İkinci (ve daha yaygın olduğunu düşündüğüm) husus ise, oyuncular için neyin daha önemli olduğu konusudur. Oyunu dizayn edildiği şekliyle oynamak mı, yoksa merak uyandıran bir hikâyenin anlatılması mı? Eğer en önemli husus oyunun oynanması ise, zar atışları tıpkı bir Monopoly oyununda yapacağınız gibi açık şekilde yapılabilir. Ve eğer GM'in bir sonraki zar atışı tüm partinin ölmesine sebep oluyorsa, varsın olsun. Oyun böyle oynanır. Eğer hikâye daha önemliyse, GM olaylara esneklik kazandırmak için zarları gizleyebileceği bir alana ihtiyaç duyar ve zar sonuçlarını değiştirmeye cüret de edebilir. Bir GM olarak, oyunun açılışında Kobold'larla yapılan savaşta tüm oyuncuların ölmesini istemezsiniz. Bu sebeple grubun Rogue'una karşı attığınız doğal 20'nin ıskaladığını söyleyebilirsiniz. Bununla ilgili bir münakaşayı çözmenin yolu, bunu sosyal sözleşmeniz içerisine sıkı bir biçimde yerleştirmektir. Oyuncularınızla neyin daha önemli olduğu üzerine konuşun, ve bunu sözleşmenizin bir parçası hâline getirin, böylece sizin grubunuz için işler hâle gelir. Grubunuz sizin yaptığınız seçim konusunda rahat olduğu sürece, diğer oyuncu gruplarının bu durumu nasıl idare ettikleri artık sizin için önemli değildir.

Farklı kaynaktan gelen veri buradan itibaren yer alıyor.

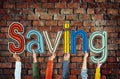 Group of Diverse People Holding the Word Saving Royalty Free Stock Photo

Ve işte bitti. RPG münakaşalarının en kötü beş tanesi, listelendi, tartışıldı ve saf dışı bırakıldı. Artık bu güzel blog içerisinde önümüze bakabiliriz, bu çirkin münakaşalarla ilgili endişelenmemize gerek kalmadı. Sizin de duyduğunuz tipik münakaşalar varsa, belki onları da burada parçalarına ayırabiliriz.